Many readers have already seen Darkest Hour, the movie about events in the fateful month of May 1940, when Winston Church became British Prime Minister. The Nazis invaded Netherlands and Belgium, then swept through the Ardennes Forest into France. The French Army collapsed almost immediately, and 300,000 British solders (for all intents and purposes, the entire British Army) fell back and were trapped on the beach at Dunkirk.

If you have not seen Darkest Hour yet, now is an excellent time to watch it. It is available for streaming on Netflix. Spoiler Alert: The Brits escape with the help of a citizens' flotilla of small boats, and live to fight another day.

Mark Twain said, "History doesn't repeat itself, but it often rhymes," and we're hearing rhymes of Dunkirk in the impressive resistance of the Ukrainian people to Russia's invading forces.

Although Darkest Hour does not mention it, one reason the British troops succeeded in escaping is that on May 24 Hitler ordered a halt to the advance of the German Army, though it was only 25 kilometers from Dunkirk. Historians of the war understandably point to this as a decisive event in the war. If the British Army had been captured, the war – and world history, for that matter – would have gone in an entirely different direction.

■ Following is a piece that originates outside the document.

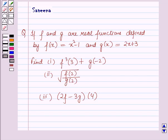Hello and welcome to the session. In this session we will discuss a question which says that if f and g are real functions defined by f of x is equal to x square minus 1 and g of x is equal to 2x plus 3, then find: first part f cubed of 3 plus g of minus 2; second part square root of f of 2 over g of 2; third part 2f minus 3g the whole of 4.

Can you hear a rhyme in the stalled column of Russian tanks and troop carriers pointed at Kyiv? The longer the column is stalled, the more vulnerable it is to Ukrainian attacks, and the more time supporting nations have to provide arms. When the history of the Russian invasion is written, might this be pointed to as a decisive factor?

Darkest Hour does mention a peculiar episode of American support for the Allied cause. In May 1940 the United States was still a year and a half from being in the war. Even so, President Roosevelt knew what was at stake and wanted to provide Britain with whatever military assistance he could. An isolationist Congress kept throwing up roadblocks to that. Britain had purchased planes from the United States, but Congress passed a law which prevented them from being delivered. In the movie, there is a conversation between Roosevelt and Churchill in which Roosevelt says the planes could be taken to the Canadian border, and the Canadians could then use horse teams to pull them across the border.

This actually happened.

Can you hear a rhyme in the current discussion of providing Polish MiG-29 fighters to Ukraine? Ukrainian pilots are not trained to fly American F-16s, but are very familiar with the Russian-made MiGs. The idea is that Poland transfers its jet fighters to the Ukrainian air force, and the United States  replaces them with F-16s.

But how do the jets get delivered? Polish pilots cannot fly them into Ukraine, because that would be a NATO pilot entering Ukrainian air space, an action that would trigger a wider war. It is probably not that big of a problem (hide it in a hay wagon?), but it is kind of a rhyme, isn't it?